PROBLEM DETAILS: Apart from the images, output the data below exactly.

━━ RAW DATA ━━

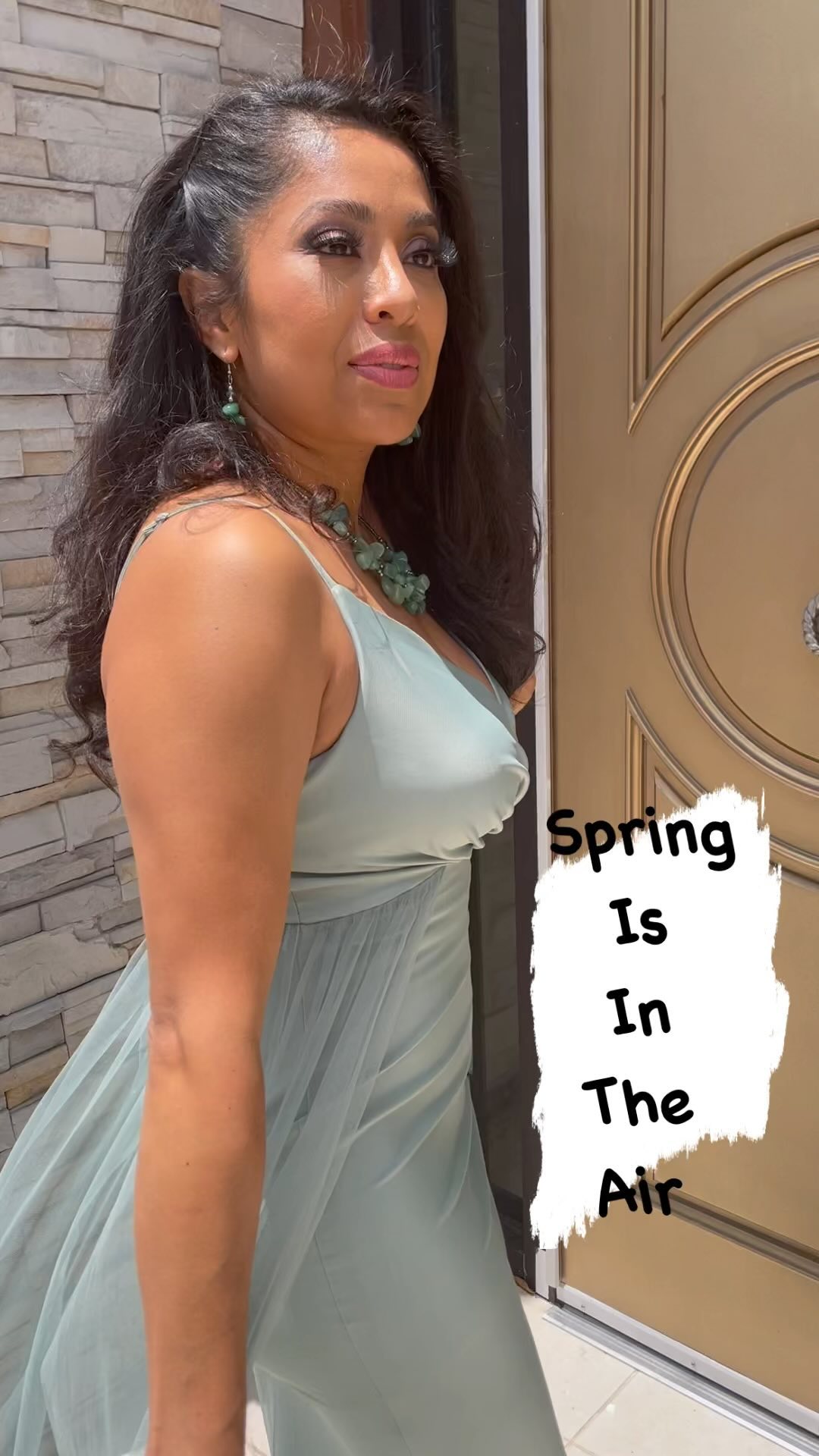 Hello Gorgeous! Our we’re ready for Spring…are you? Shop online at QWASHAE Boutique.Com! Link in bio! #pearlandboutique#gowns#prom#gala#adventure#glamour#oscars#art#party#event#life#luxury#wedding#bride#bridalparty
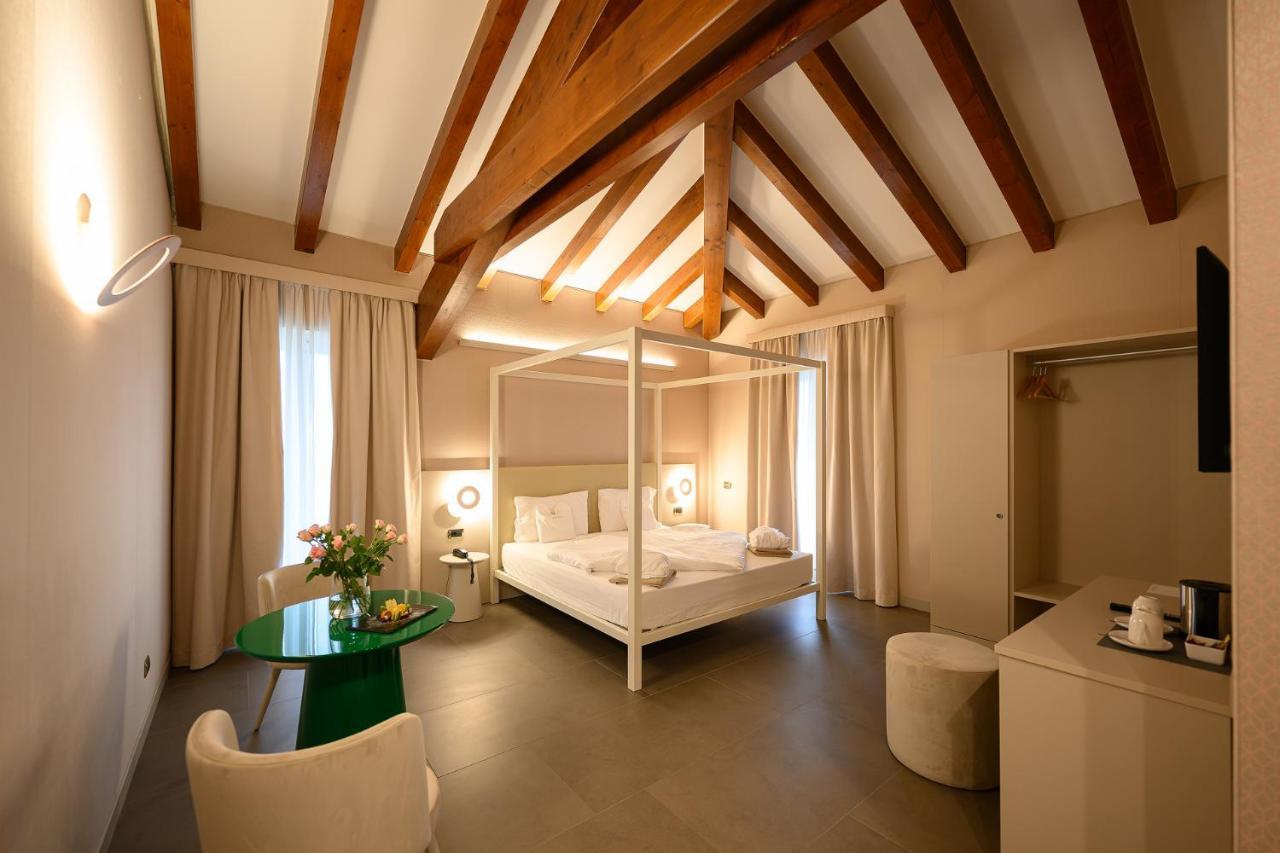 Junior Suite mit Balkon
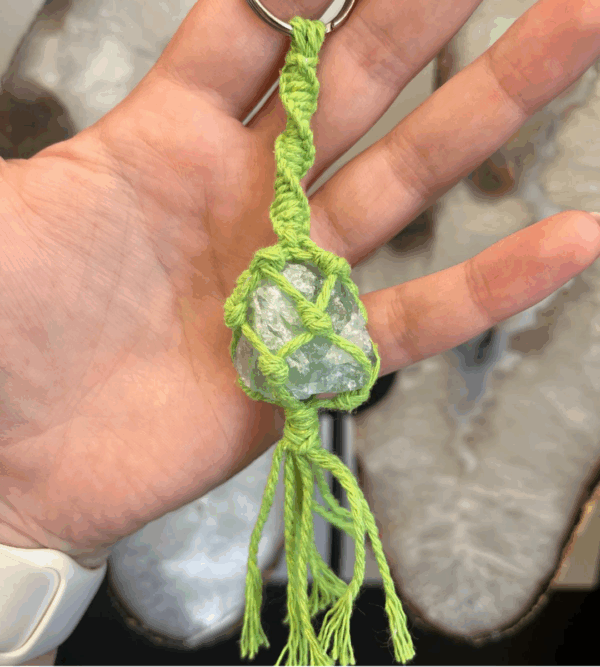 Geknoopte sleutelhanger van macrame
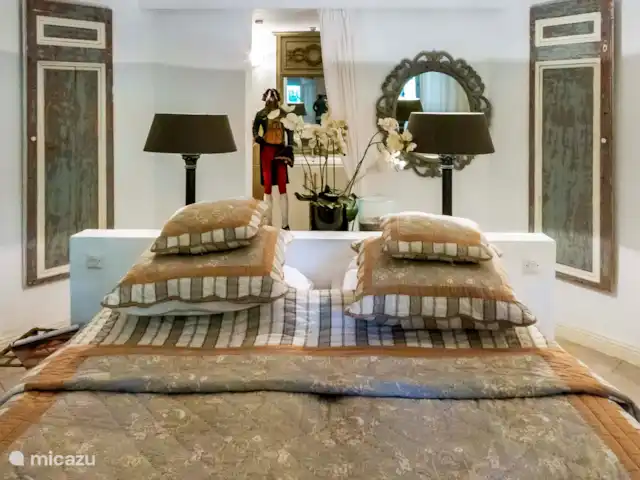 Villa les Chiens en Francia, Costa Azul, Cogolin - casa vacacional Dormitorio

━━━

TASK RESULT:
 Hello Gorgeous! Our we’re ready for Spring…are you? Shop online at QWASHAE Boutique.Com! Link in bio! #pearlandboutique#gowns#prom#gala#adventure#glamour#oscars#art#party#event#life#luxury#wedding#bride#bridalparty
 Junior Suite mit Balkon
 Geknoopte sleutelhanger van macrame
 Villa les Chiens en Francia, Costa Azul, Cogolin - casa vacacional Dormitorio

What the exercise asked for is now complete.